I'm not enough in the economic loop to quite I understand Julie Nelson's comment:

"Ecological economics, which realizes the critical need for responses to problems such as climate change, meets mainstream prejudices and turns into “natural resource” economics where the future is discounted away."

The discounting of the future sounds to me like the assignment of monetary value and discounting the future done by mainstream economists and, it seems, environmental economists. But I'd had the impression the eco-econ camp, by putting the ecosystem and sustainability first, didn't do that. Am I mistaken? Do people like Daly and Costanza do that? Is there a fourth camp yet, a "deep-eco-econ" camp or something?

Ecoshift

I have a similar understanding to Mr. Feeney...

Kozo Mayumi

My undestanding of what ecological economics is the following.
The first unoffical meeting of the people in 1987 in Barcelona was to put many disciplinary fields together into the sustainabilty issues that make critical re-evaluation of conventinal scientific thinking including neoclassical resource and environmental economics. So, we did not intend to speak of only the relationships between economics and ecology. In certain respect the name, Ecological Economics, could be misleading. In Europe, Silvio Funtowicz and Jerry Ravetz proposed a new way of thinking, called Post-Normal Scinence, which may be more appropriate terminology for what I understand ecological economics. However, I share the concern raised by Julie Nelson. Some of the articiles being published in Ecological Economics these years are nothing but neoclassical economics articles. In addition to this, at the Canadian meeting of ISEE in 2004, we gave the Kenneth Boulding Award to two neoclassical economists, namely, Dasgupta and Maeler.

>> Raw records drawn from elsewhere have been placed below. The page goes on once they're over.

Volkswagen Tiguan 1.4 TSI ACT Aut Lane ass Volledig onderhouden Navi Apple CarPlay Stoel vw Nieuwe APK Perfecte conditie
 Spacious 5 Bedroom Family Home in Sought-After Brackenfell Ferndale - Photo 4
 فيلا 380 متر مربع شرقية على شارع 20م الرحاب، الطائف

In my view, this was the biggest mistake we did as ecological economist.

Dave Iverson

John and Others,

This week I will try to post up on some recent articles (forthcoming) in Ecological Economics about the state of the discounting the future - monetized values debate. There is a rift in the EE camp (that extends back many years). Too many EE practitioners, some argue, have followed the Nelson-alleged path. So let's continue this discussion then.. d.

Tristan

Right now I only have a very basic awareness of ecological economics but plan to study it more and write a paper in this area for my Honours thesis. I love the broad concept and the areas of focus outlined on the website for ISEE. Something like this is definitely needed. Perhaps a more general discussion and debate is needed before EE begins to define itself in any particular way.

C!

I might say that the title "Ecology and Economics" is certainly less loaded. If it helps, you could still keep the phrase "ecological economics" as a subtitle somewhere, as it seems to me that they are certainly related!